Work task :: In your copy, include every line of the records exactly and no picture at all.

Segment Start: Data to use

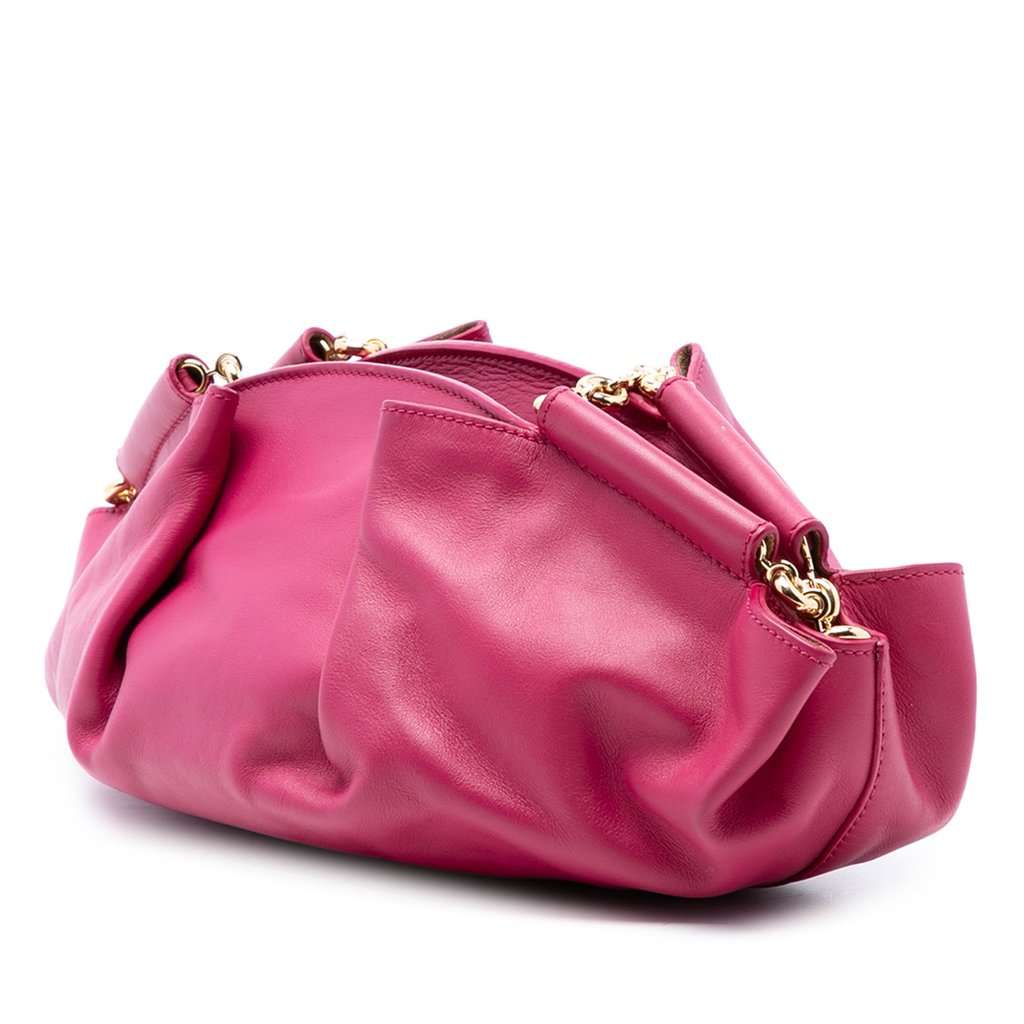 LOEWE Leather Paseo Chain Satchel Pink Leather Very good condition - Back View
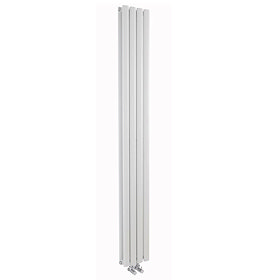 Hudson Reed - Revive White Designer Radiator - W236 x H1800mm - HRE007 Large Image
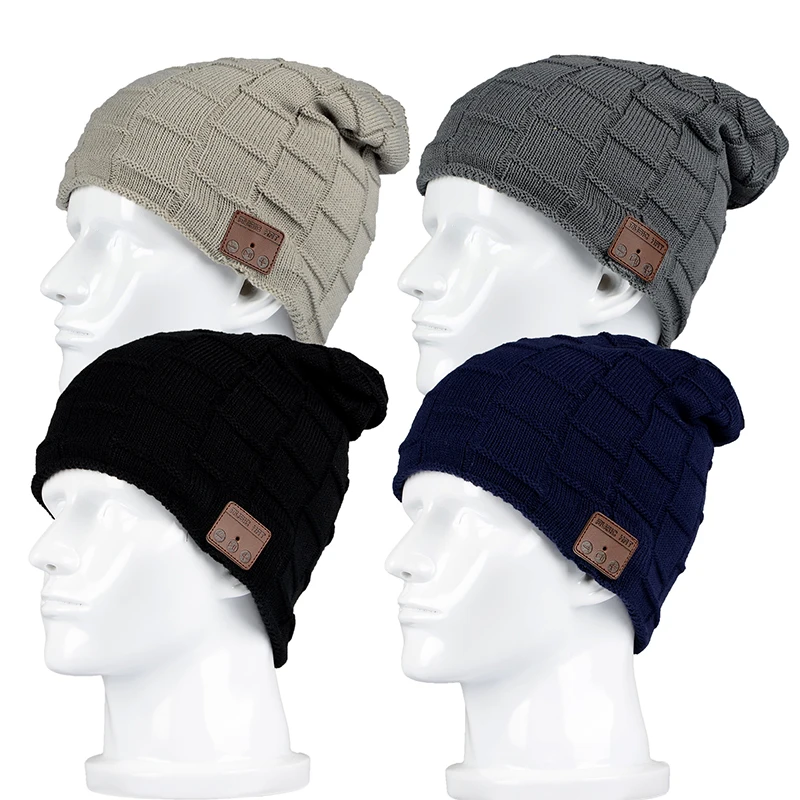YourTribe Beanie Hat cap беспроводные Bluetooth наушники смарт с микрофоном зимние спортивные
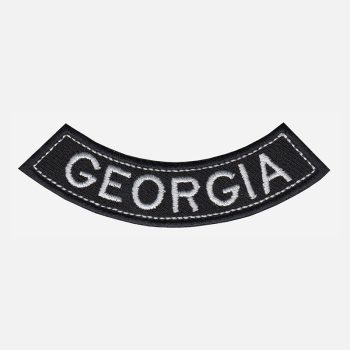 Georgia Mini Bottom Rocker Embroidered Vest Patch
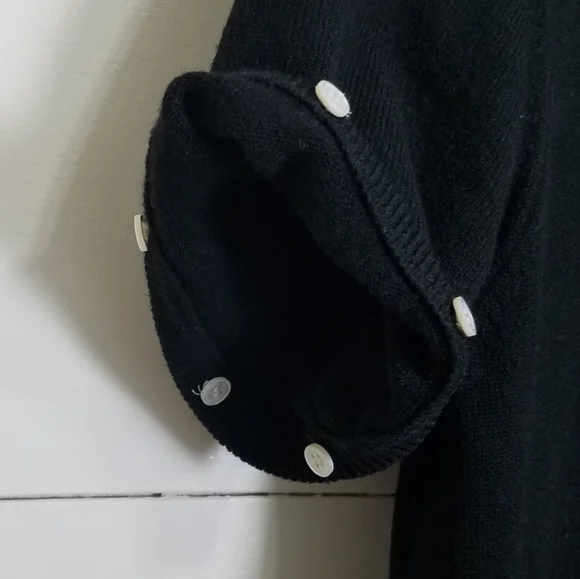 theory Black Merino Wool Shift Sweater Dress Small - Picture 4 of 8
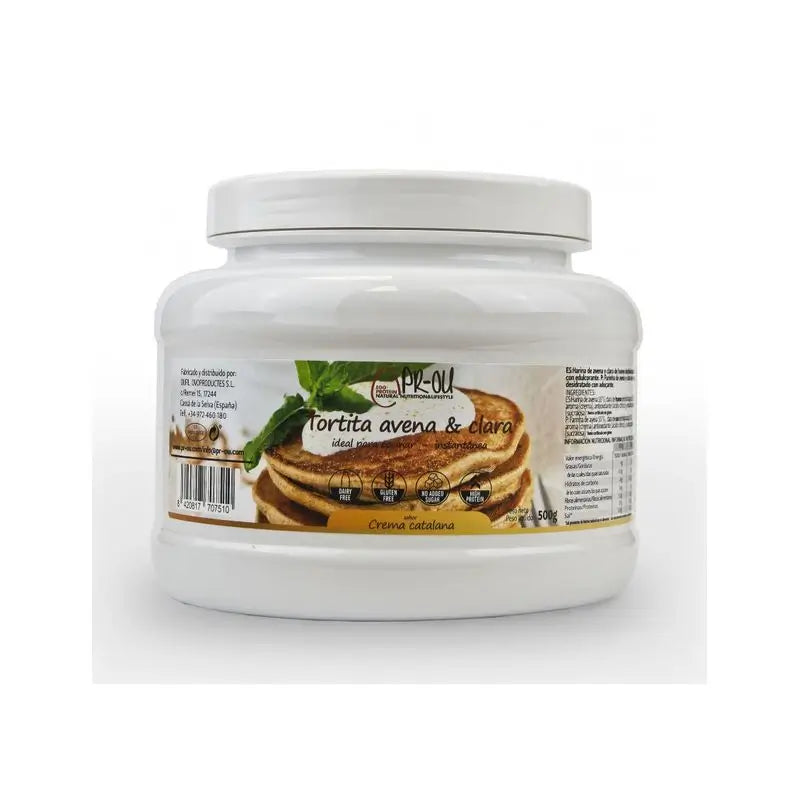 Pr-Ou Klar+Haferflocken-Sahne-Geschmack Pfannkuchen 500Gr. Sg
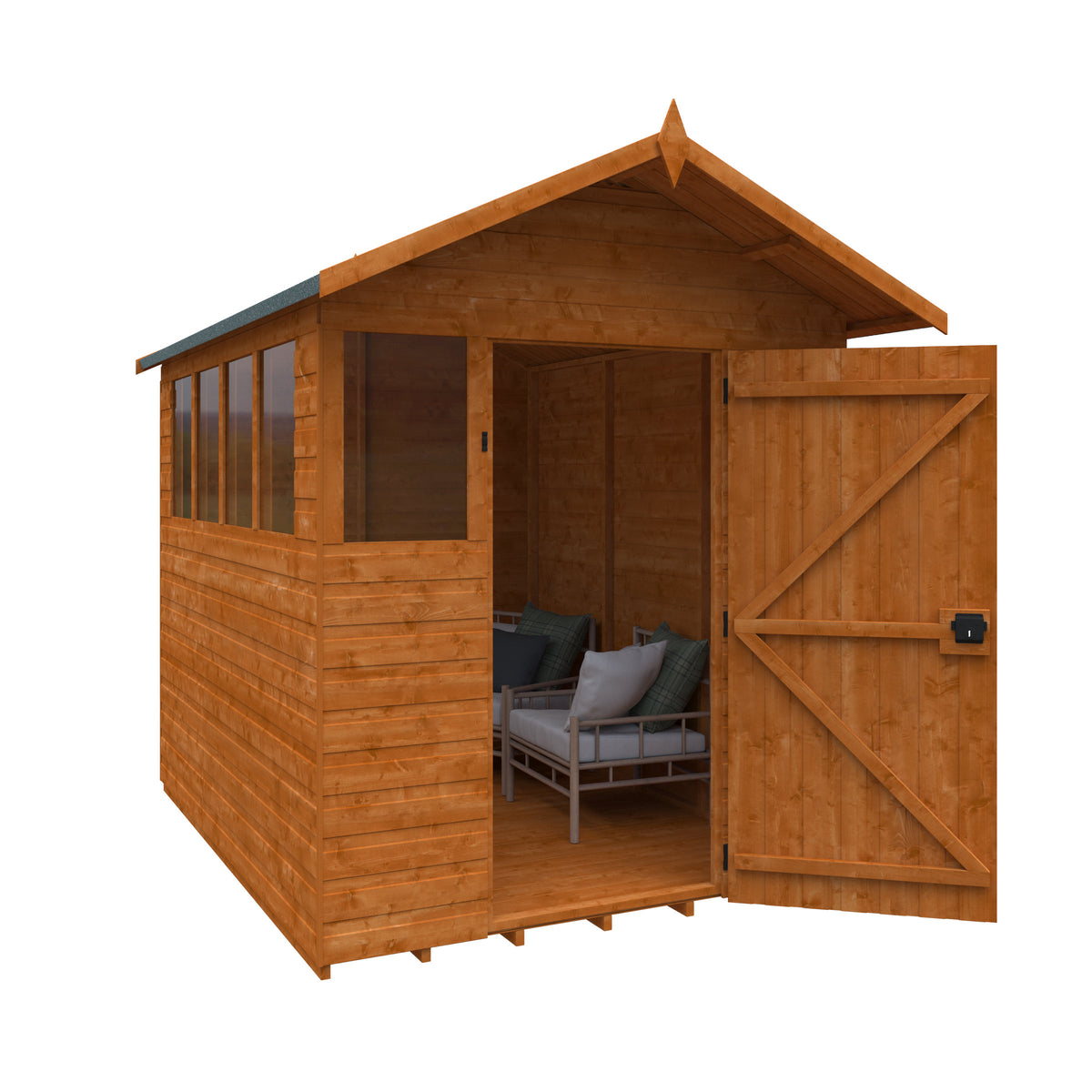 Redlands 8' x 8' Apex Summer Shed | Sheds.co.uk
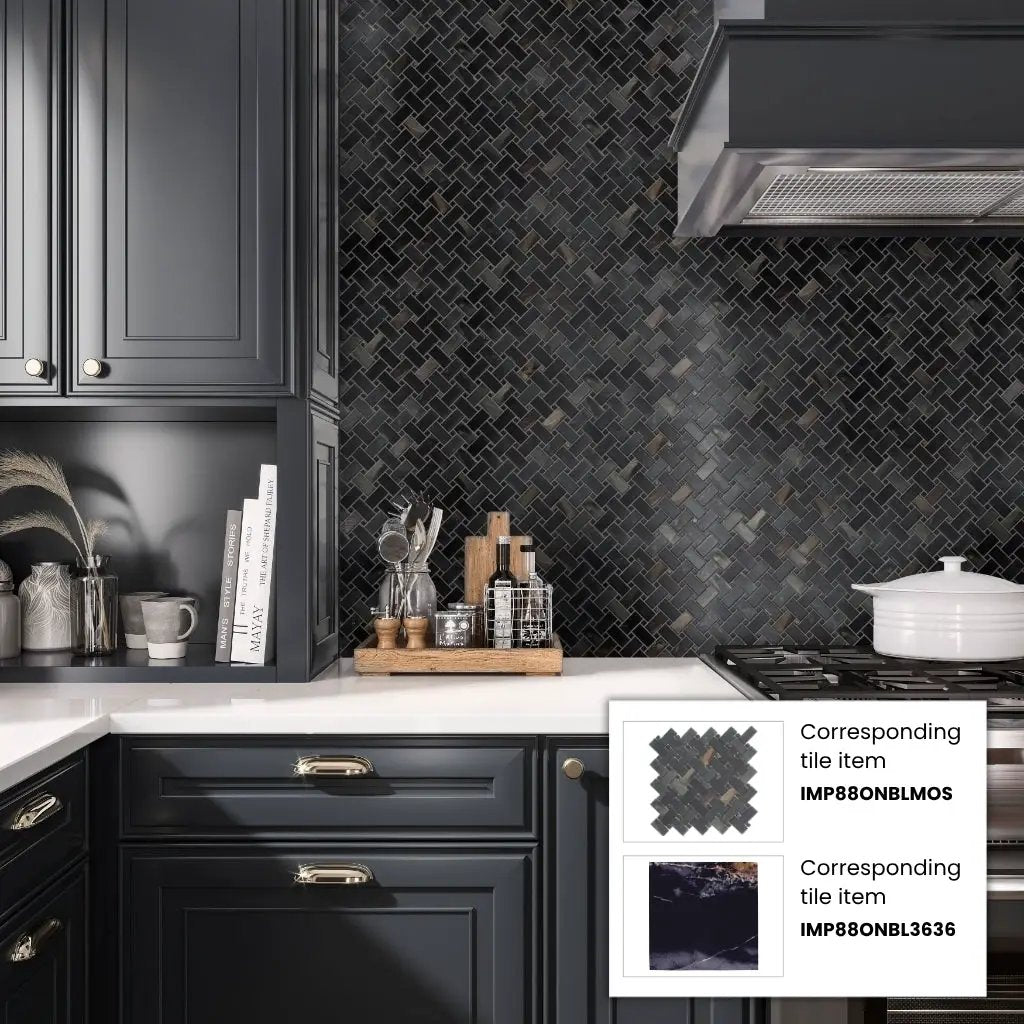 Black 12x12 Matte Basketweave Porcelain Mosaic Tile (5 pack, 4.84 sq ft/case) by Apollo Tile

Segment End: Data to use

Response area ::
 LOEWE Leather Paseo Chain Satchel Pink Leather Very good condition - Back View
 Hudson Reed - Revive White Designer Radiator - W236 x H1800mm - HRE007 Large Image
YourTribe Beanie Hat cap беспроводные Bluetooth наушники смарт с микрофоном зимние спортивные
 Georgia Mini Bottom Rocker Embroidered Vest Patch
 theory Black Merino Wool Shift Sweater Dress Small - Picture 4 of 8
 Pr-Ou Klar+Haferflocken-Sahne-Geschmack Pfannkuchen 500Gr. Sg
 Redlands 8' x 8' Apex Summer Shed | Sheds.co.uk
 Black 12x12 Matte Basketweave Porcelain Mosaic Tile (5 pack, 4.84 sq ft/case) by Apollo Tile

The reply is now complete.